I need to improve my objdump/nm skills so I can figure out where the main thrust of the delay is coming from since - as you imply - fixing it downstream is also an option!

8ms from cold boot to pin toggle low level is hard to pass up though- even if we can get full MicroPython started in 50ms now.

Edit: Note I tested the affect noinit might have on gc_heap by building a version with a smaller gc_heap (around 16K IIRC) and that's how I measured the 20ms speedup. .noinit might gain slightly over 20ms.

In fact we have a patch in our build (excuse the patch of a patch here) to set the ROSC early and this dramatically speeds up the BSS/Zero init steps- https://github.com/pimoroni/pimoroni-pico/pull/480/commits/69493e5af76d6196beac30ad2592f6605244486c

ldr r0, =(ROSC_BASE + ROSC_DIV_OFFSET)
ldr r1, =0xaa2
str r1, [r0]

Just these lines alone in crt0.S will take a full startup from rising edge of reset to MicroPython toggling a pin from ~200ms to ~50ms.

So some way to set the ROSC would be another great addition to Pico SDK if a mode configurable startup is on the table.

lurch commented 2 years ago

Using the ROSC is mentioned briefly in #745 ?

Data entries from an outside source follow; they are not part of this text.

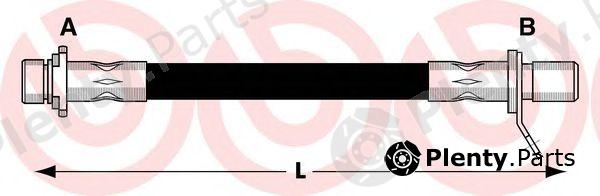  BREMBO part T83012 Brake Hose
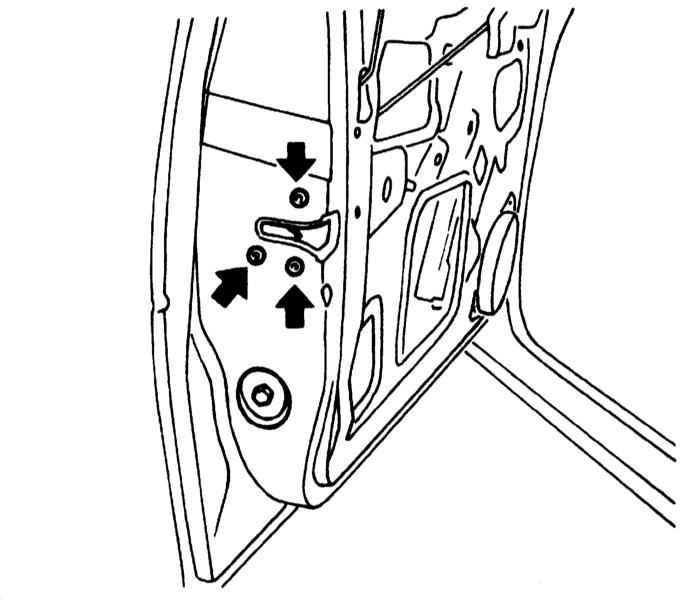 Снятие обшивки задней двери опель астра h своими руками: пошаговая инструкция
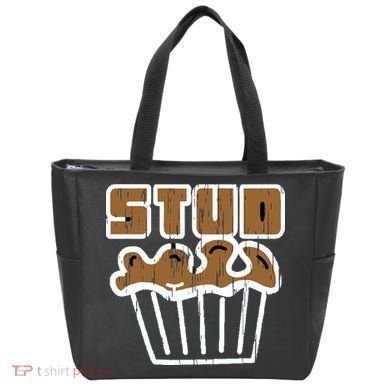 Stud Muffin Tote Bag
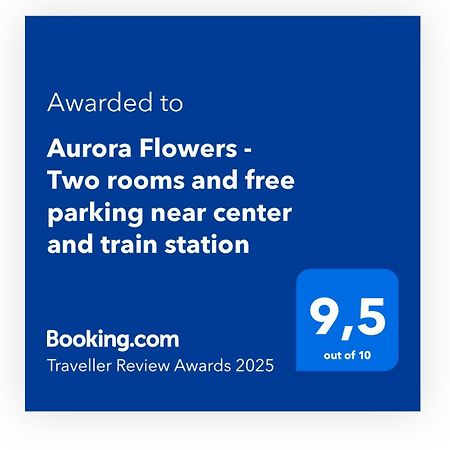 Aurora Flowers - Two Rooms And Free Parking Near Center And Train Station Modena Exterior foto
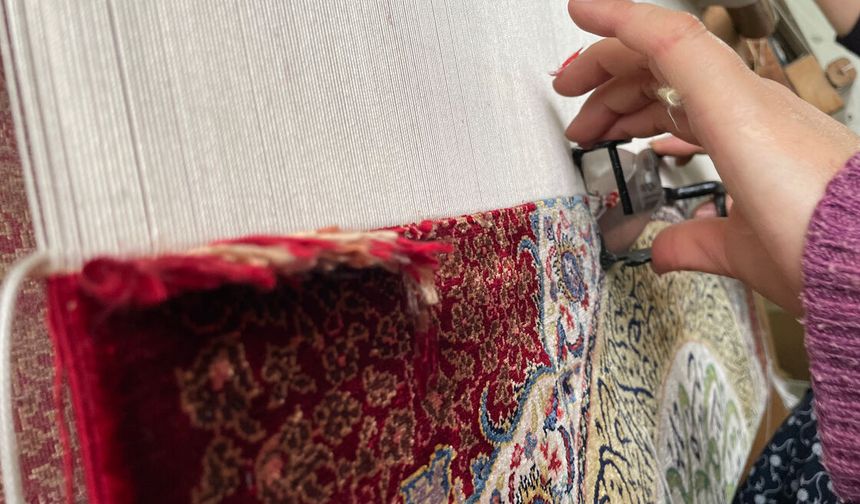 Eskişehir’de ipek geleneği yeniden hayat buluyor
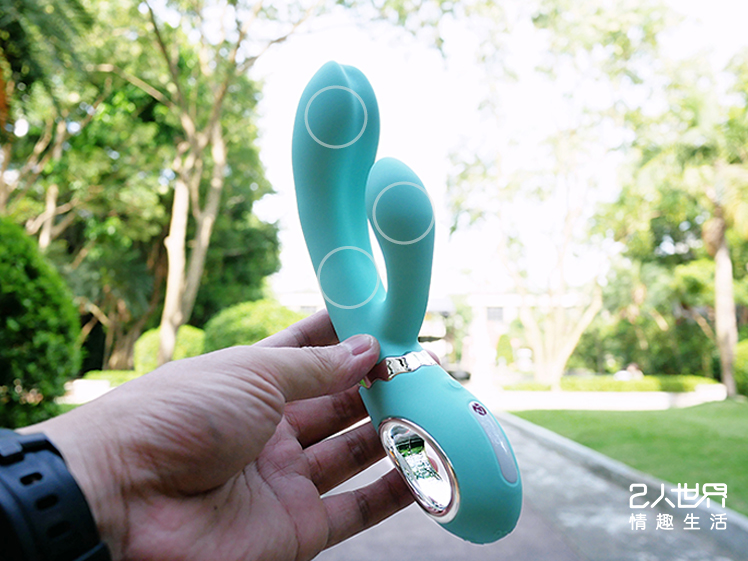 nomitang 野兔2代 電動按摩棒 功能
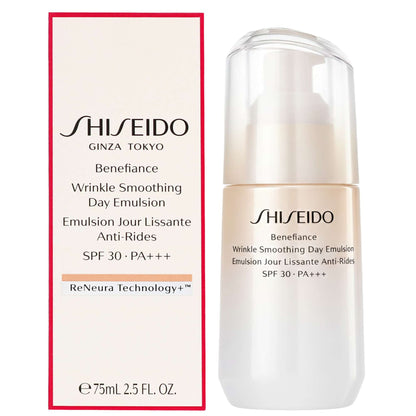 Shiseido  Benefiance: Wrinkle Smoothing Day Emulsion SPF30 75ml / 2.5 fl.oz. - Additional 2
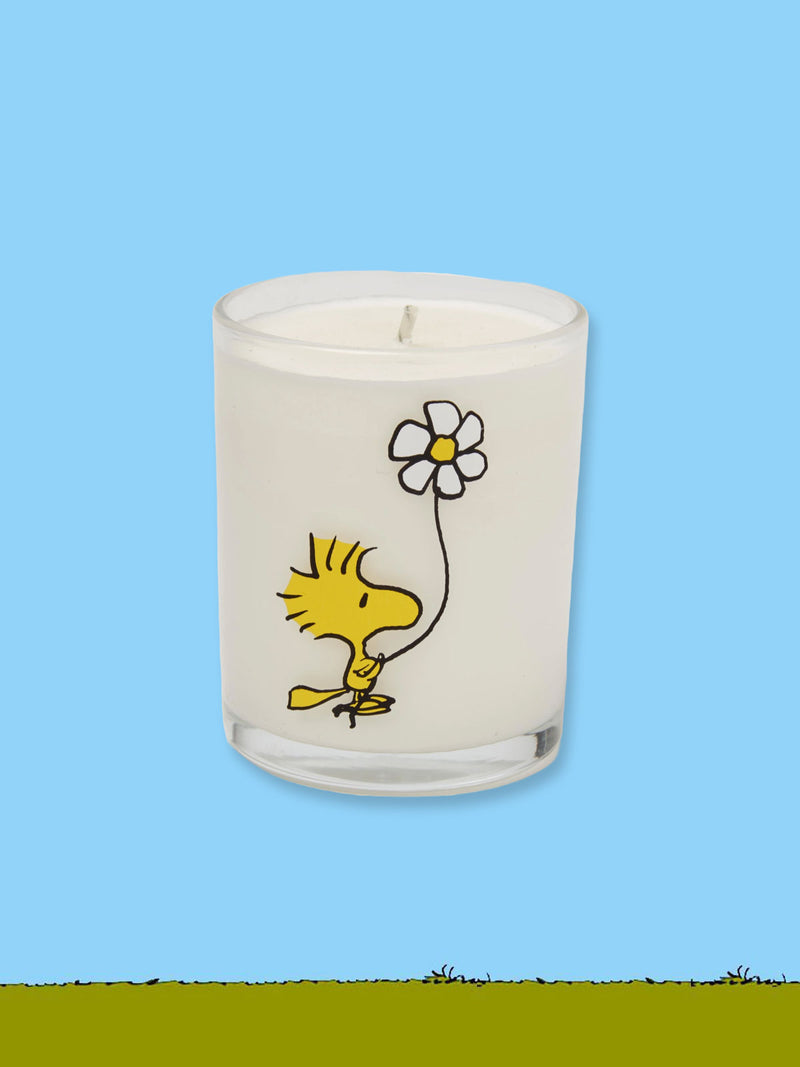 Peanuts Woodstock Candle - Posy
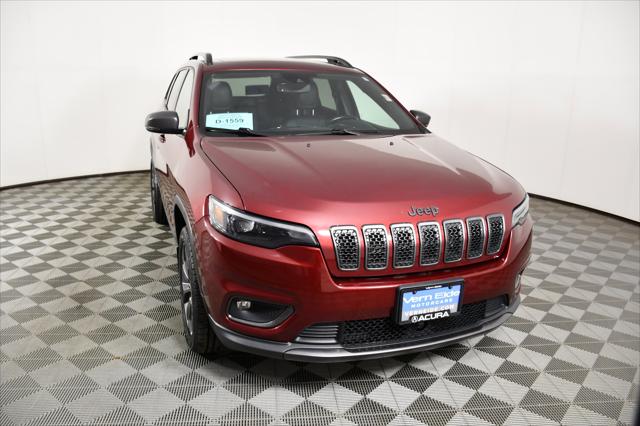 2021 Jeep Cherokee 80th Anniversary 4x4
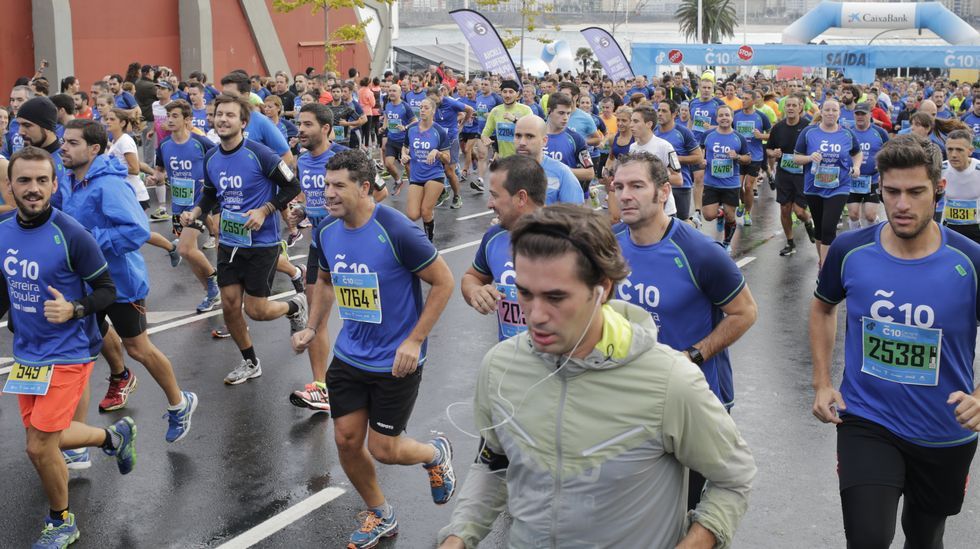 Carrera Coruña 10. 11 de octubre del 2015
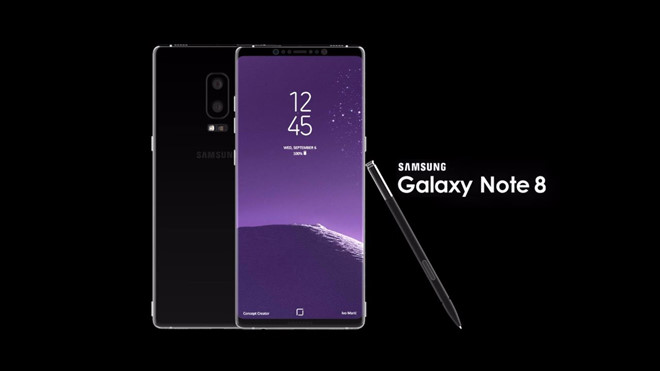 Vu khi bi mat cua Galaxy Note 8 co the la tai nghe thong minh hinh anh 1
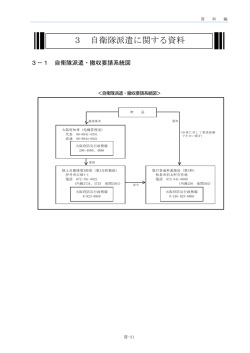 自衛隊派遣に関する資料 - おおさか防災ネット 大阪府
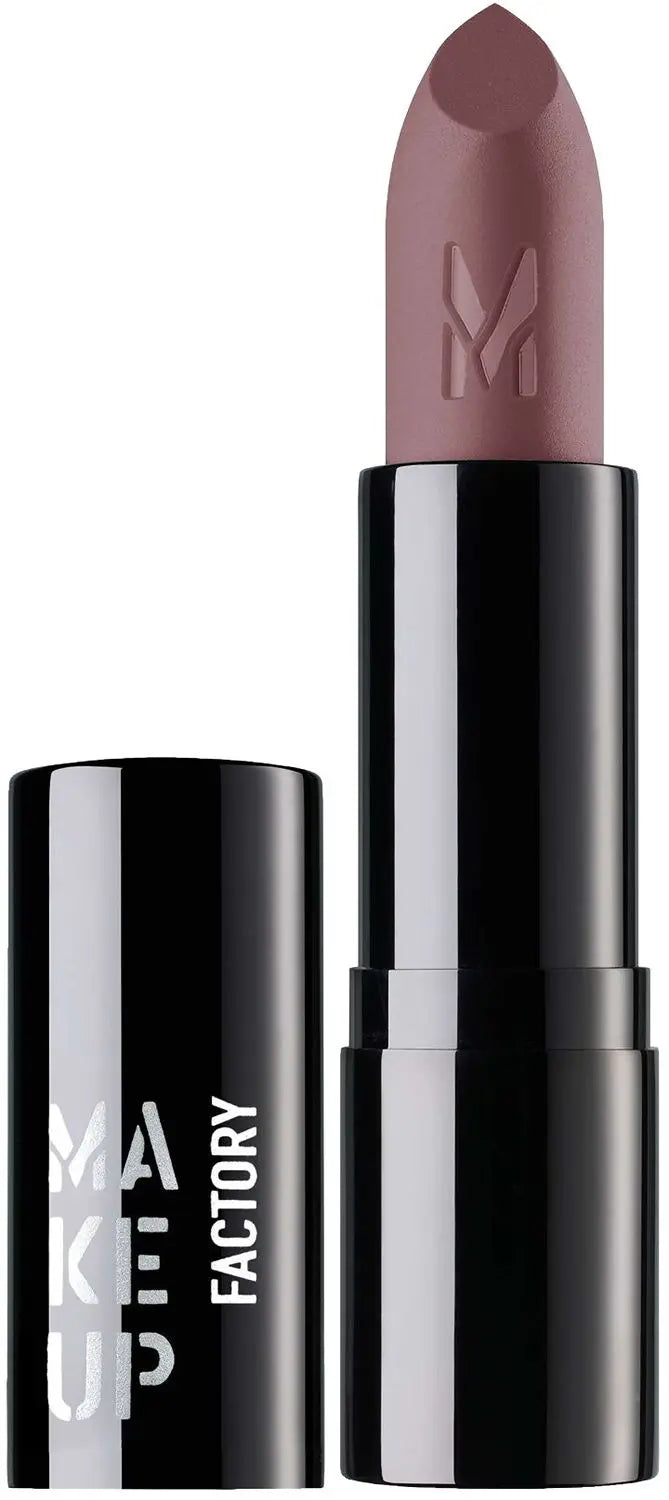 MAKE UP FACTORY Studio Star Velvet Lipstick - 4g | ميكاب فاكتوري ستوديو ستار أحمر شفاه مخملي – 4 غرام
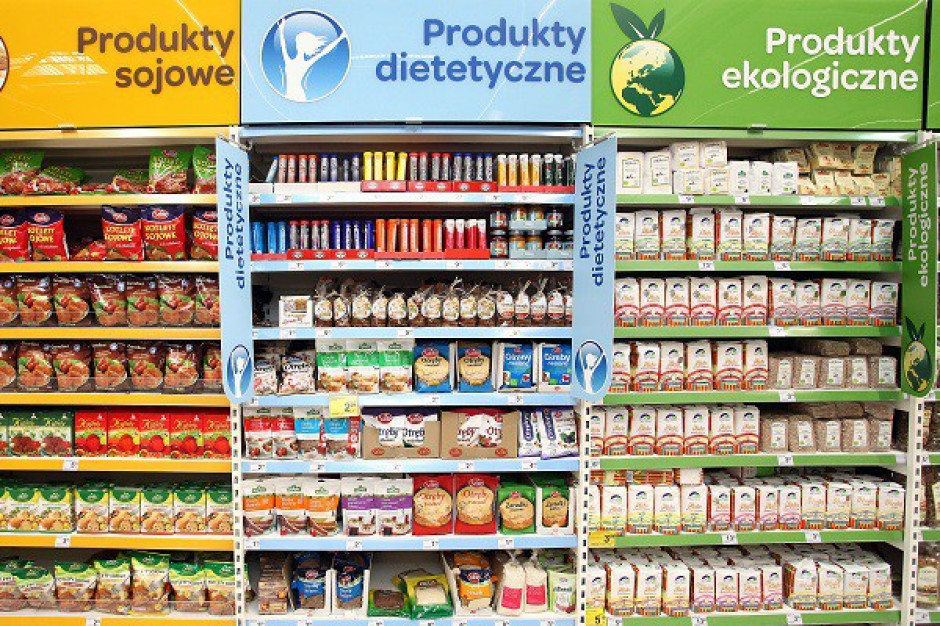 Carrefour rozwija ofertę produktów bezglutenowych, ekologicznych i lokalnych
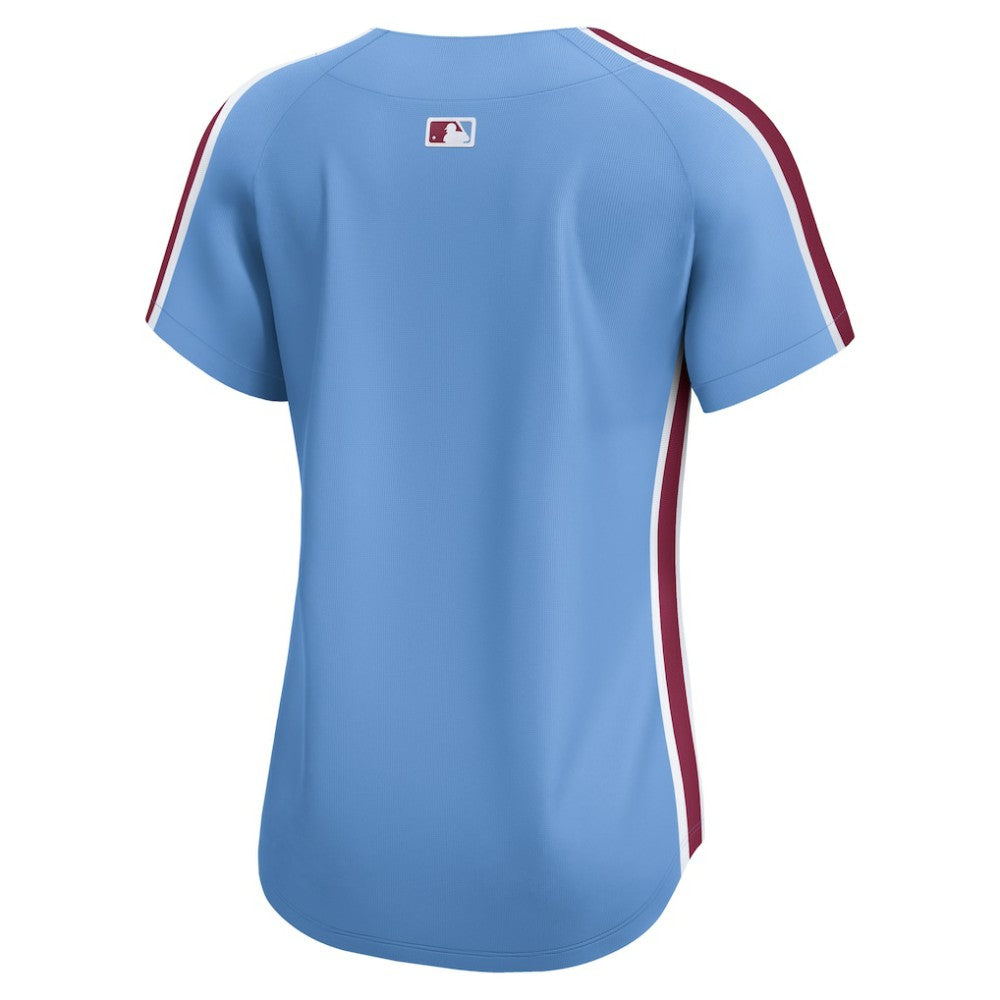 Philadelphia Phillies Nike Women's Alternate Limited Jersey On Sale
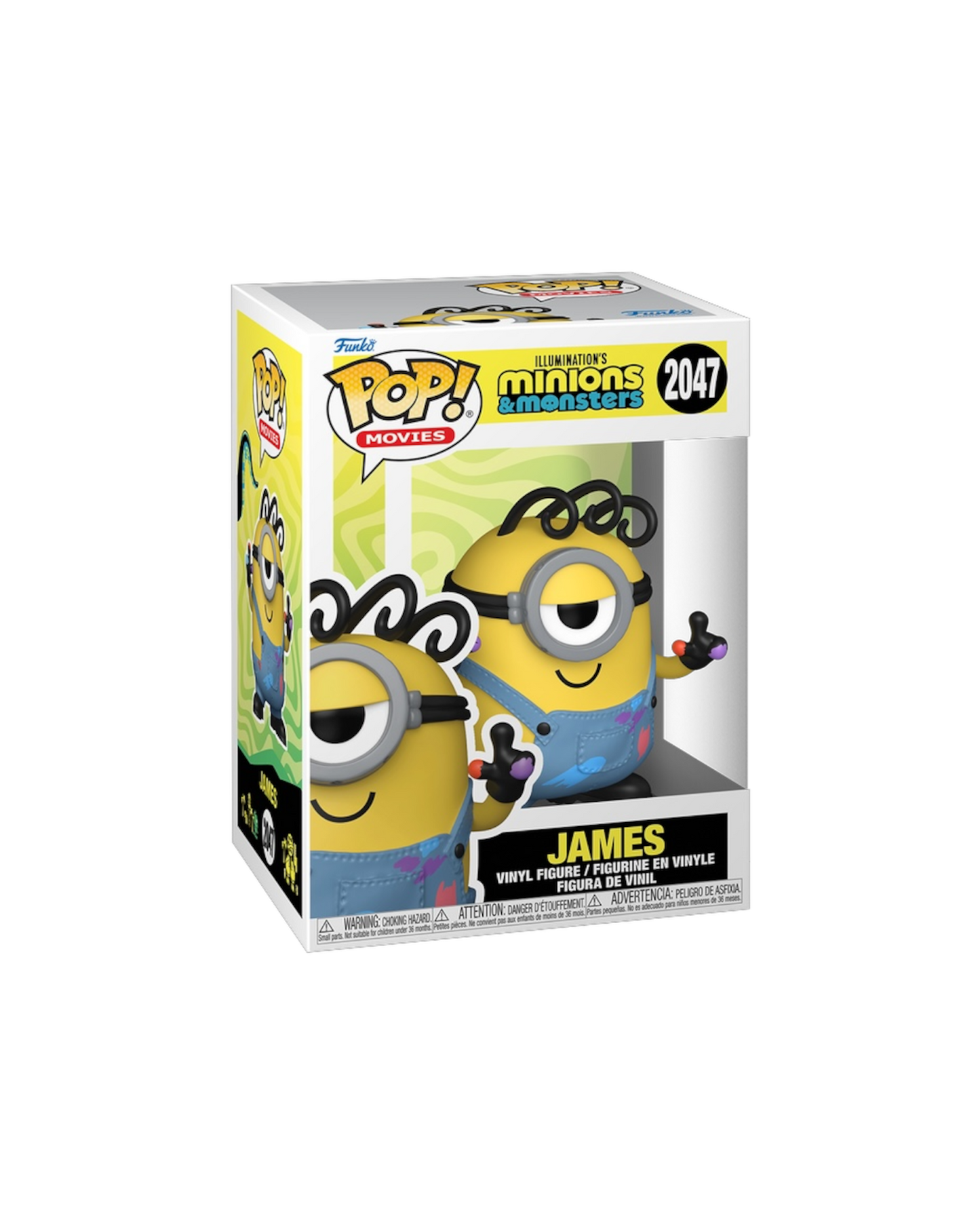 Funko Pop! 2047 James (Pre-Order)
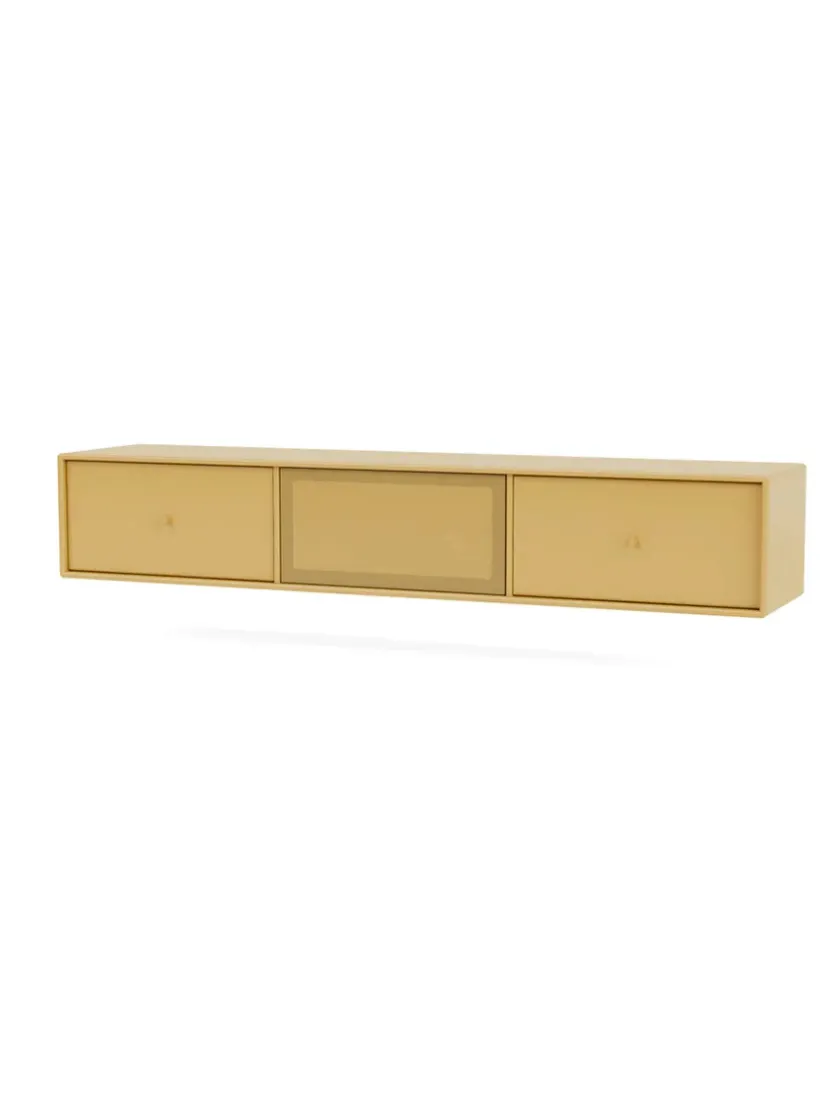 Montana TV & Sound Modul, Octave V, inkl. ben krom fra> Tv-Borde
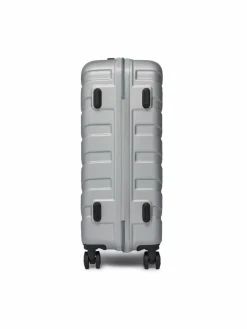 Valigia media GIN-M-003-05-SILVER Argento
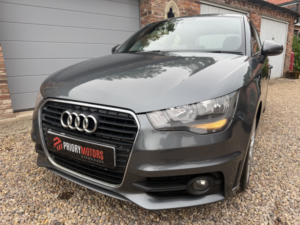 2011 Audi A1 1.6 Tdi S Line in Grey — image 6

Gadgetoid commented 1 year ago

Some more data for the finer-control-over-runtime case- https://github.com/pimoroni/badger2040/issues/10

Just having some weak ref empty functions that are called at various stages of boot would be handy as hooks to avoid having to replace entire portions of the runtime.